**WHAT YOU WILL DO:** Each line from the first line of the entries through the line holding "G-IXCC, 1944 Supermarine" is to be restated word for word; nothing else, and no picture, belongs in the answer.

---- RECORDS FOR PROCESSING

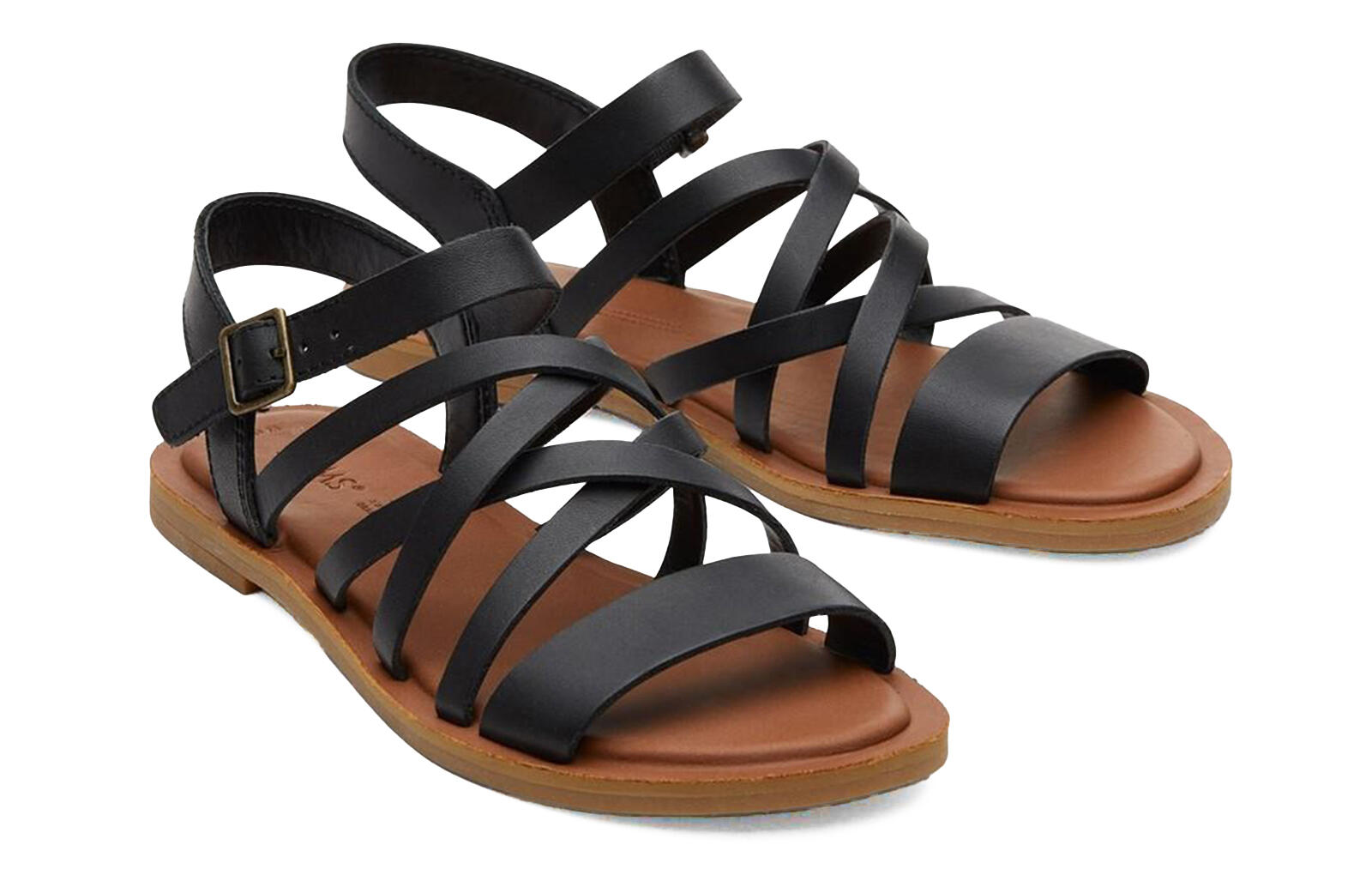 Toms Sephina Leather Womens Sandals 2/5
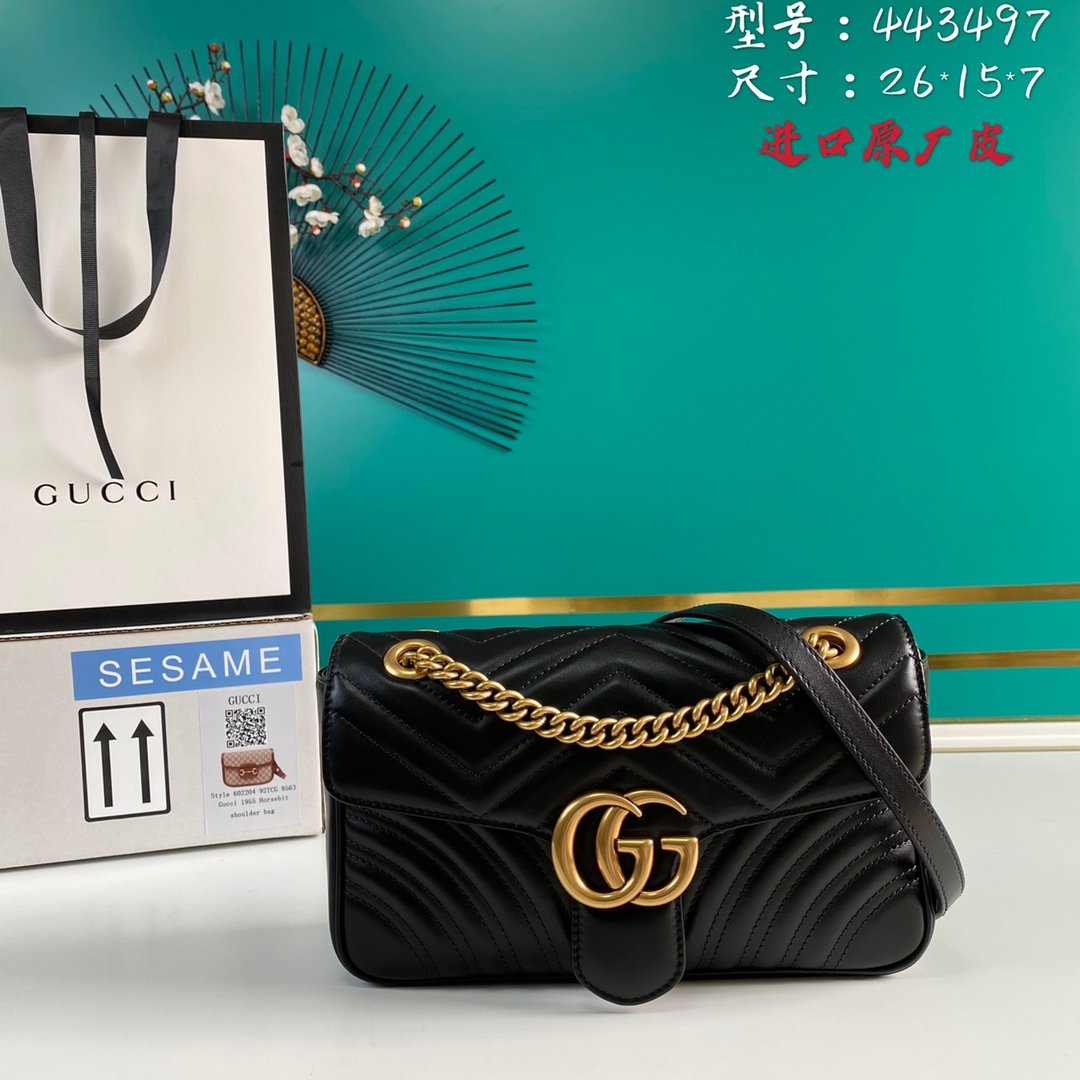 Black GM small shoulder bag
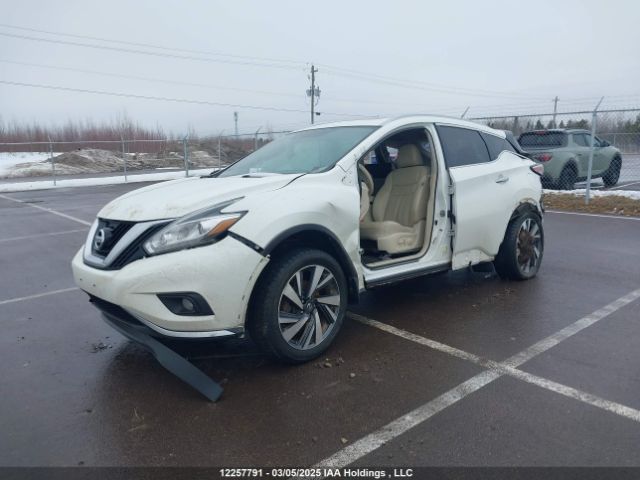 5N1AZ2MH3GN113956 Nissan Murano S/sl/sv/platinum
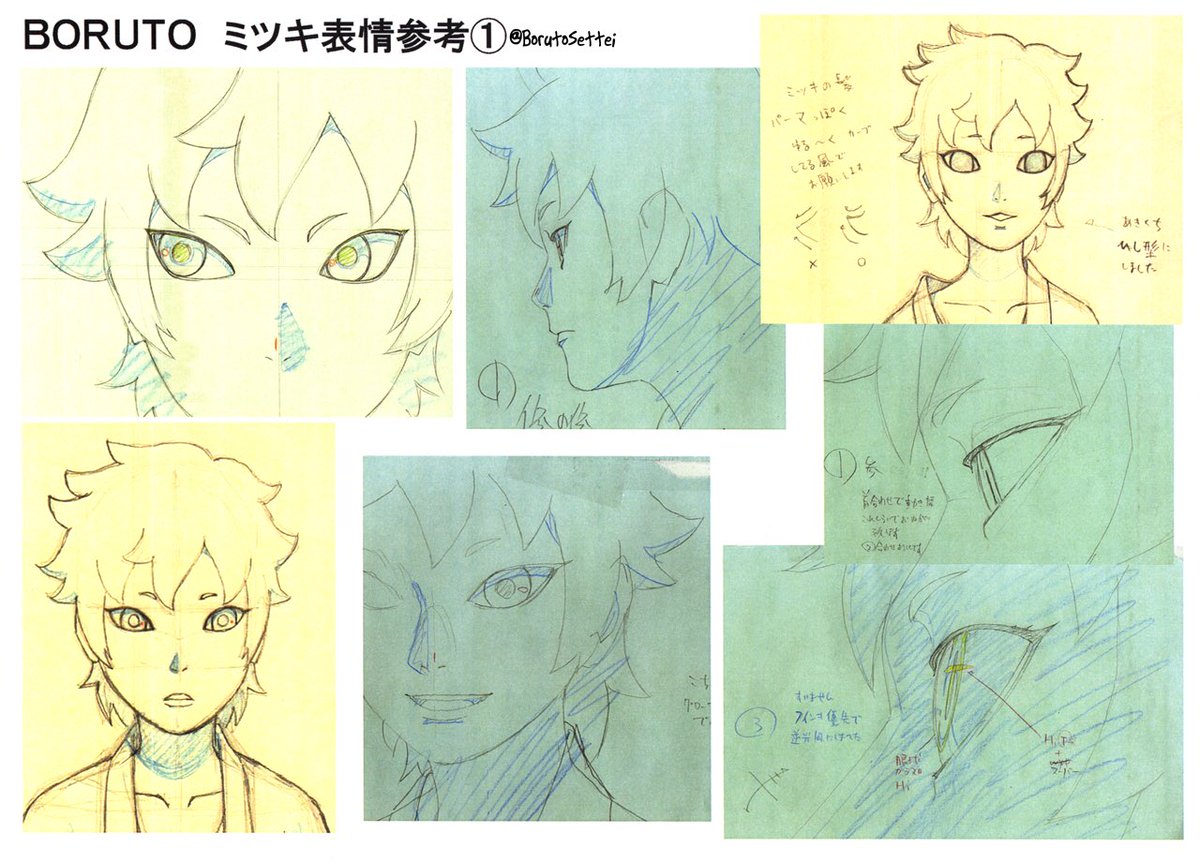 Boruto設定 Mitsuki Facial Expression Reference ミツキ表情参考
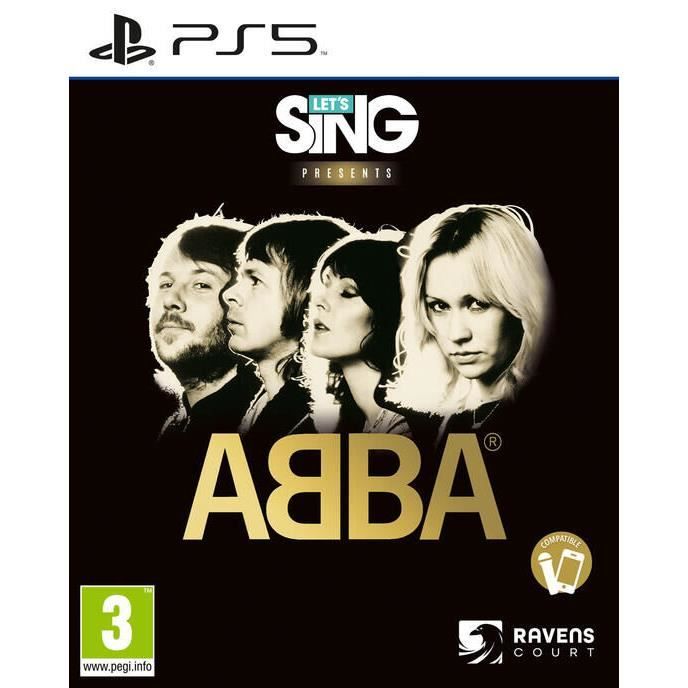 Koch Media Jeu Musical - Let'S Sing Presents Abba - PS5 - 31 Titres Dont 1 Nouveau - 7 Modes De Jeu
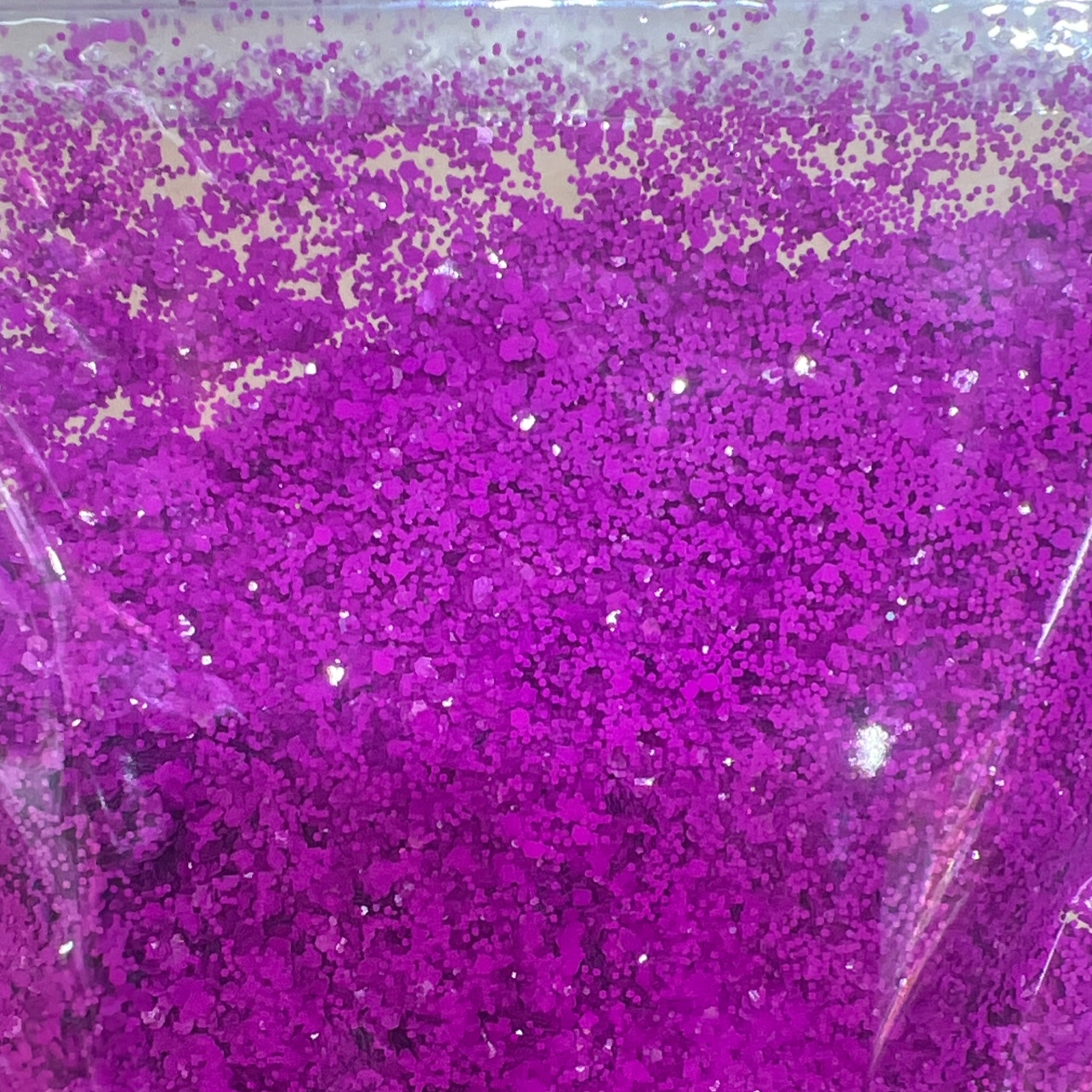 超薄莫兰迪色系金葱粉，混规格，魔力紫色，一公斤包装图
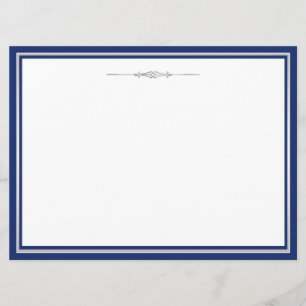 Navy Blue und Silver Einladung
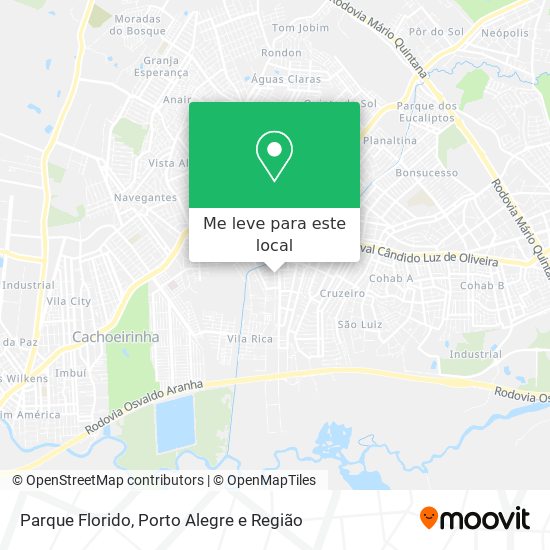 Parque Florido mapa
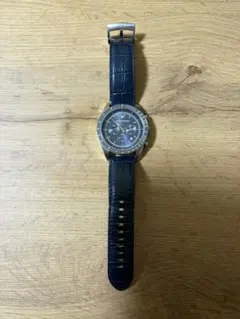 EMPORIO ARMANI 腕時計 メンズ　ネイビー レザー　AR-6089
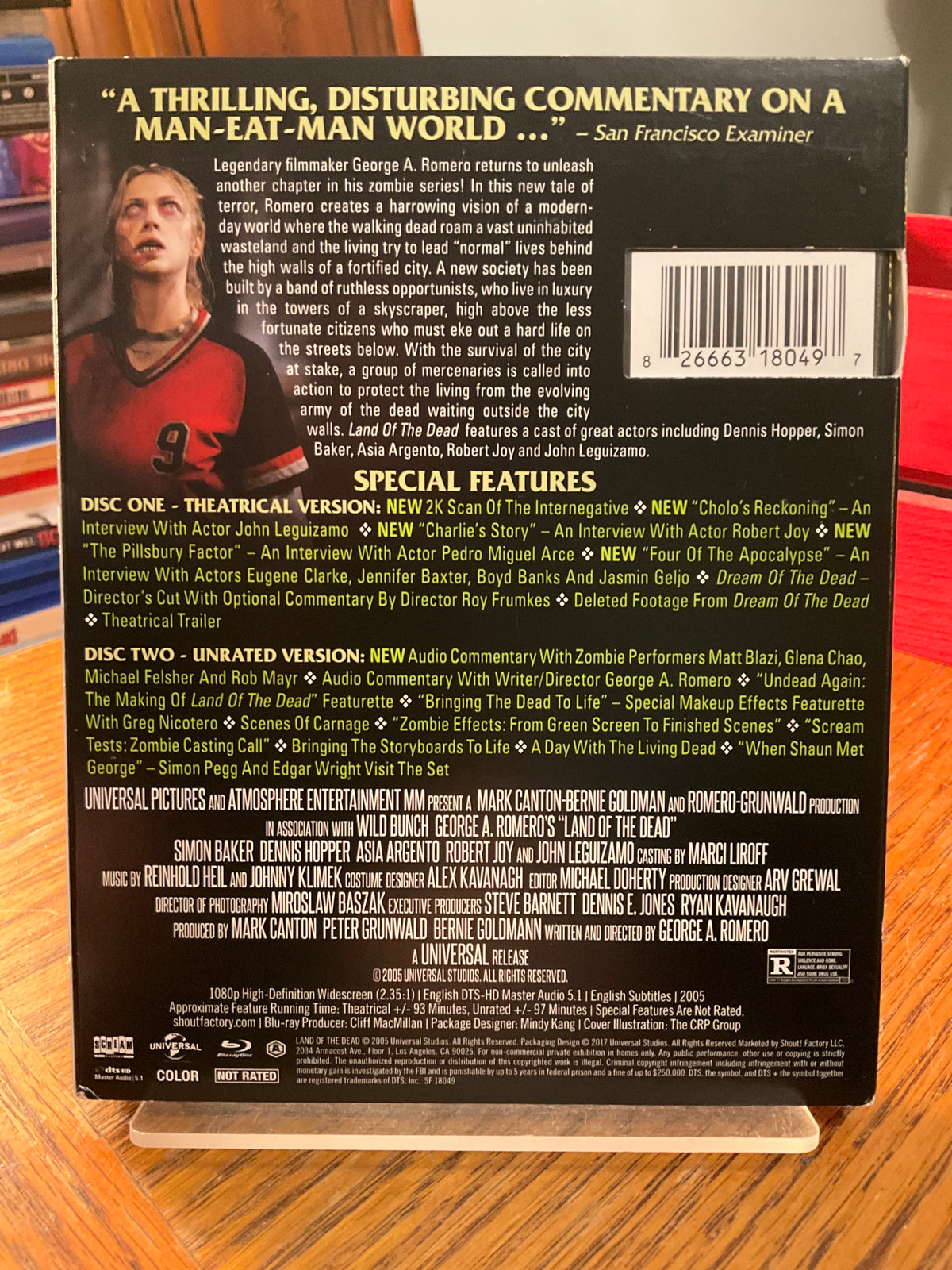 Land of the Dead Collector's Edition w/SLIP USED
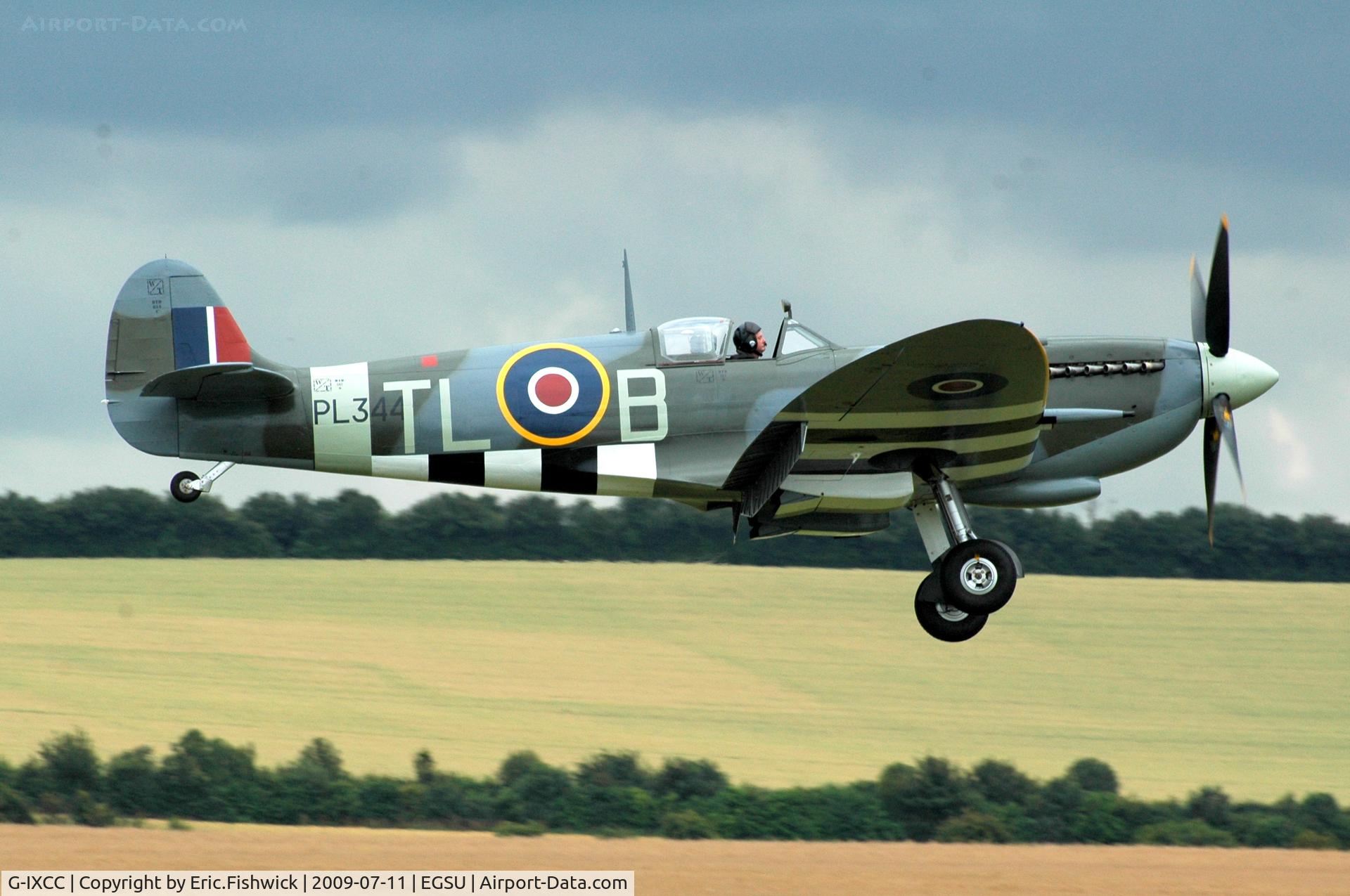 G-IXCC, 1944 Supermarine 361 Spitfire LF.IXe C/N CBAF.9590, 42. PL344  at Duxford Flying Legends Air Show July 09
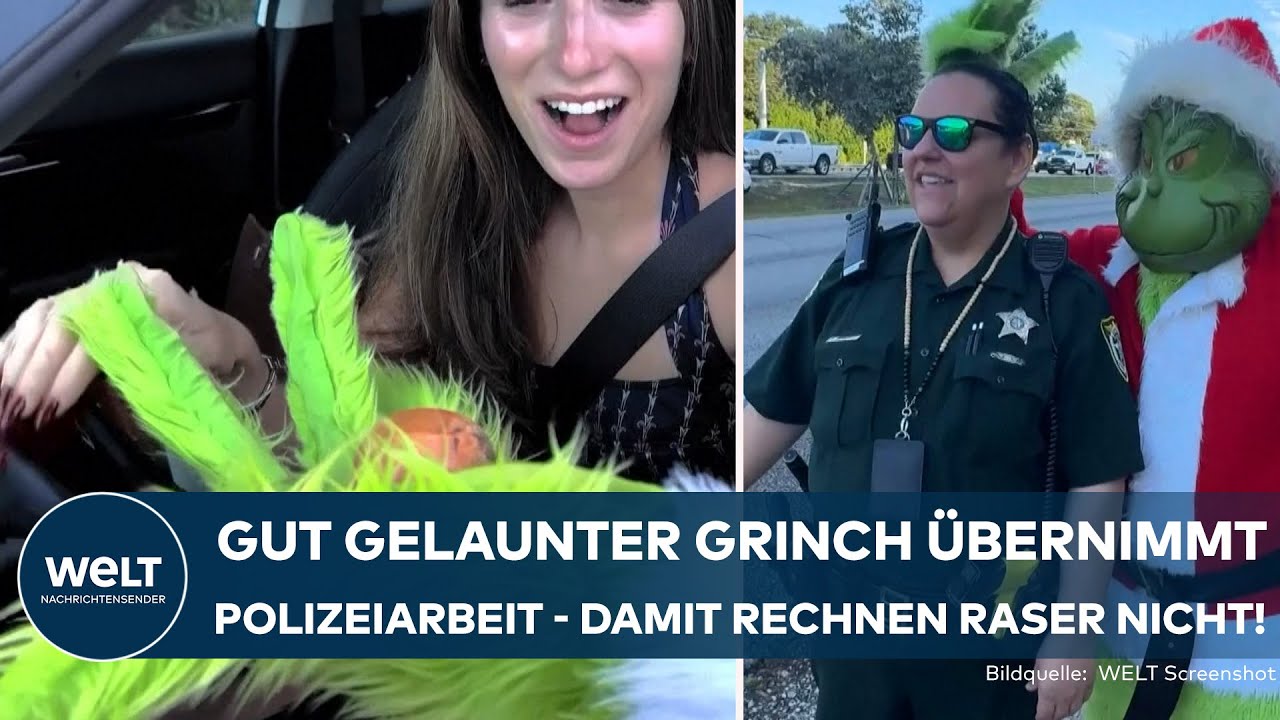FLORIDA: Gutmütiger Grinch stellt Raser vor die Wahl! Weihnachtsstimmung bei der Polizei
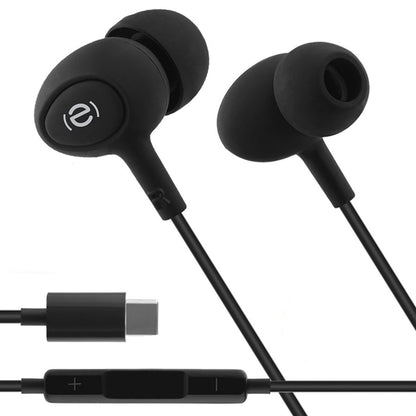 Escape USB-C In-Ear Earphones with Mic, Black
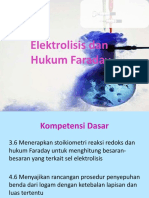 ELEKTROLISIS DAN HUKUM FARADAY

--------

**TASK ANSWER:**
 Toms Sephina Leather Womens Sandals 2/5
 Black GM small shoulder bag
 5N1AZ2MH3GN113956 Nissan Murano S/sl/sv/platinum
 Boruto設定 Mitsuki Facial Expression Reference ミツキ表情参考
 Koch Media Jeu Musical - Let'S Sing Presents Abba - PS5 - 31 Titres Dont 1 Nouveau - 7 Modes De Jeu
 超薄莫兰迪色系金葱粉，混规格，魔力紫色，一公斤包装图
 Navy Blue und Silver Einladung
 Parque Florido mapa
 EMPORIO ARMANI 腕時計 メンズ　ネイビー レザー　AR-6089
 Land of the Dead Collector's Edition w/SLIP USED
 G-IXCC, 1944 Supermarine 361 Spitfire LF.IXe C/N CBAF.9590, 42. PL344  at Duxford Flying Legends Air Show July 09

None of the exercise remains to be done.